> [Directions for this task]
Without including the pictures, copy out every line below.

> [Dataset section]

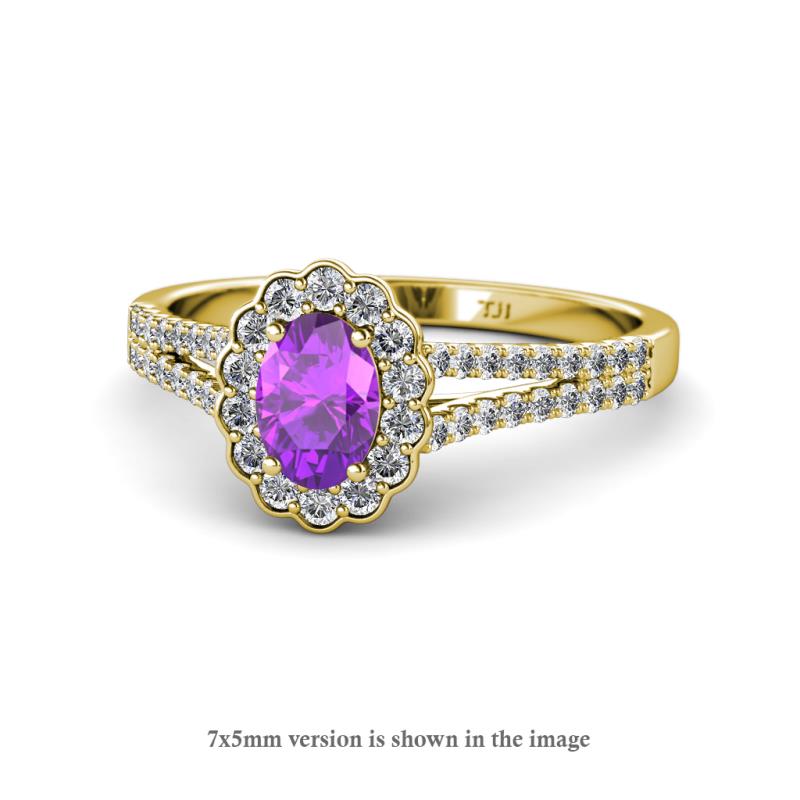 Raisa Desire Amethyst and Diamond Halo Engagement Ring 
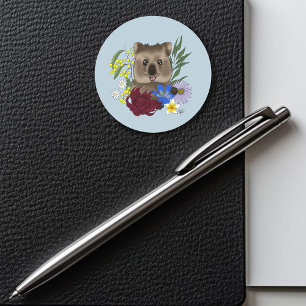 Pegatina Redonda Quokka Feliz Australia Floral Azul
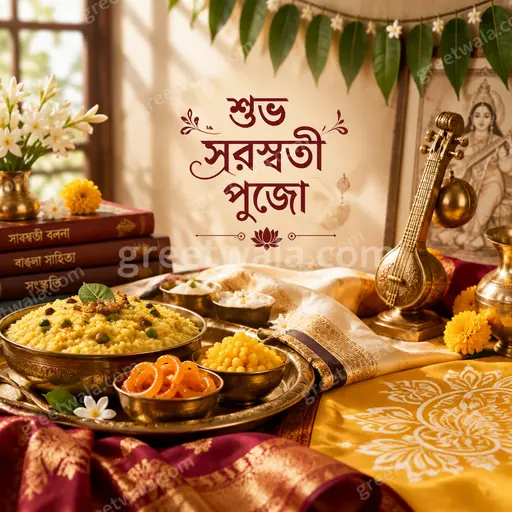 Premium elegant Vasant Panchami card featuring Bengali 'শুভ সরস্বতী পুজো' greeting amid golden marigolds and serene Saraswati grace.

> [Exercise response]
 Raisa Desire Amethyst and Diamond Halo Engagement Ring 
 Pegatina Redonda Quokka Feliz Australia Floral Azul
 Premium elegant Vasant Panchami card featuring Bengali 'শুভ সরস্বতী পুজো' greeting amid golden marigolds and serene Saraswati grace.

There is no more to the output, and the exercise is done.